Zero-click results and the attribution gap
When AI answers live on the search page, traditional analytics can’t always track who benefited. That creates a blind spot for marketers.
Platforms that power conversational search rarely share comprehensive visibility metrics. Marketers may see a citation or a referral link, but much of the AI-sourced visibility is not reflected in standard reporting.
That lack of native measurement drives demand for outside tools. Several startups now position themselves as AI brand monitors, offering ways to track citations, surface-level mentions and suggestions for optimizing content to appear in AI-generated answers.
Industry leaders expect better platform communication and more sophisticated third-party solutions as usage grows and the market matures.
GEO and AEO: what they are and why they matter for search presence
Generative Engine Optimization (GEO) and Answer Engine Optimization (AEO) describe efforts to make content discoverable by AI crawlers and agents. Think of them as the SEO equivalent for AI-powered answer engines.
Companies are at different stages of adapting. In a recent survey:
- About a third prioritized content that directly answers likely user questions.
- Roughly a quarter reported no change to their approach.
- Some teams remain unfamiliar with GEO/AEO concepts.
Simple content changes that help AI find and cite brands
- Convert technical info into clear, conversational copy.
- Add structured elements: FAQs, bullet lists and HTML tables that AI models favor.
- Ensure product details like benefits, ingredients and specs are explicit and machine-readable.
These practices make it easier for AI agents to recommend your brand when users ask for product advice or comparisons.
How leading brands are adapting their sites and data
Some companies have taken active steps to align content and technical systems with agentic AI expectations.
- One consumer goods brand overhauled its web copy and product pages, using AI-assisted workflows to standardize benefit and ingredient information.
- A major retailer focused on five critical data elements—price, product, promotions, availability and policies—so both internal and external agents can pull accurate results.

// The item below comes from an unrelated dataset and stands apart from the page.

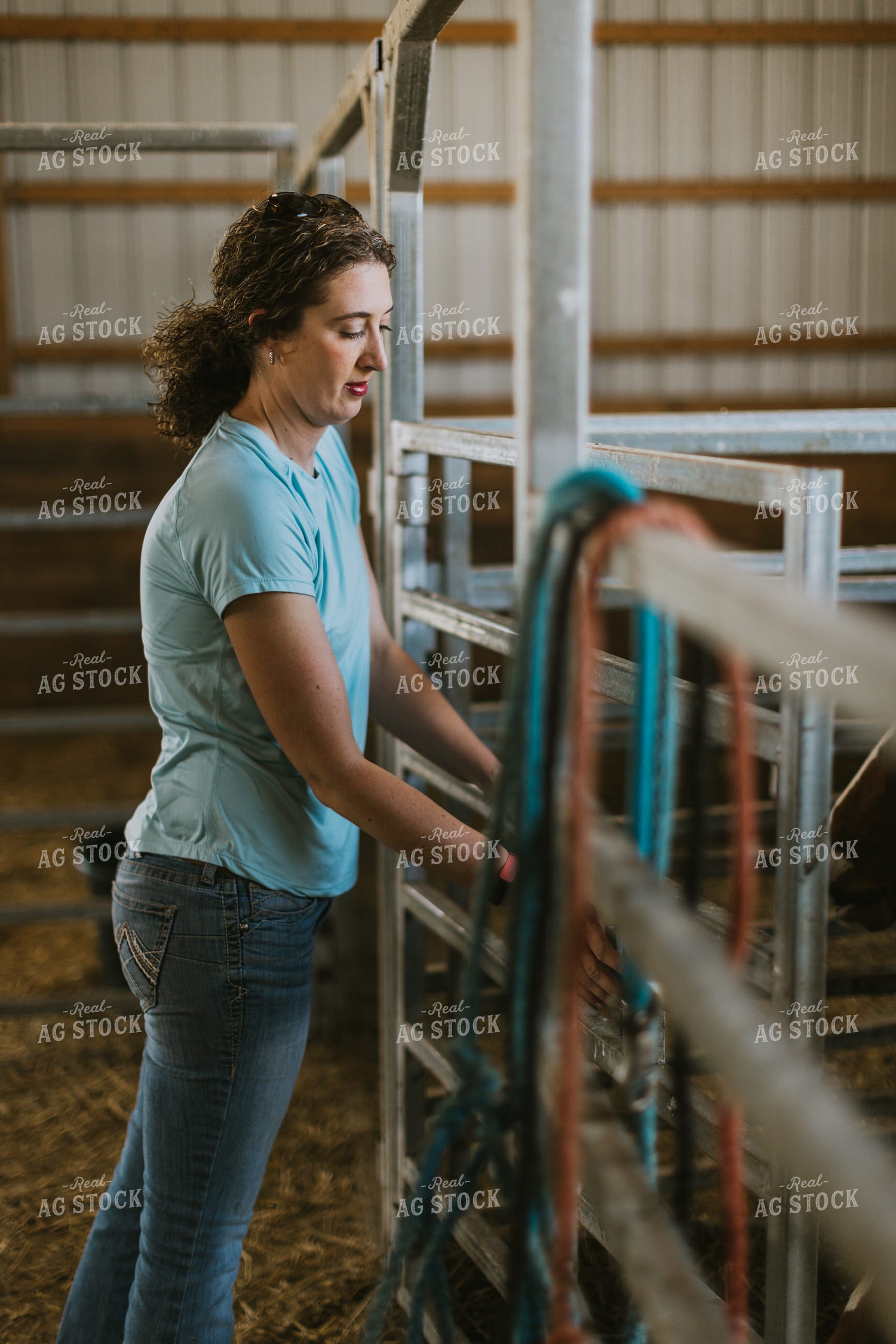 Female Farmer Closes Gate 7863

Making this information machine-readable helps AI recommend or display a brand more reliably within an answer engine.
Practical GEO/AEO playbook for marketing teams
Marketers do not need to reinvent everything. Start by enhancing existing assets so they are easier for AI to parse.
- Audit high-value pages for clarity and structure.
- Implement FAQ sections and standardized data fields on product pages.
- Use schema and other markup to improve crawlability.
- Repurpose earned media and organic social posts to build authority signals that agents trust.
- Partner with AI monitoring vendors if internal resources are limited.
Focus on readable, answer-ready content first. That yields faster, measurable results than launching large new content programs.
Earned media, social signals and authority in AI search
AI agents often rely on community-driven content and long-lived discussions when compiling answers. That elevates the importance of organic sources.
Platforms with dense, dated conversations—like Reddit—are frequently cited by AI models. Posts months old can still influence what an AI surfaces today.
Marketing teams are advised to think strategically about where they seed content and how earned media can feed AI credibility.
The state of agentic AI and what marketers should expect next
Agentic AI—systems that act on behalf of users across platforms—still needs better integrations to perform complex tasks reliably.
Experts expect ongoing product development over the next few years, especially around how agents connect to commerce systems, inventory feeds and CRM platforms.
Short-term, brands should shore up content structures and data quality. Long-term, richer integrations and clearer platform signals will open new opportunities for brands to be discoverable inside AI-driven experiences.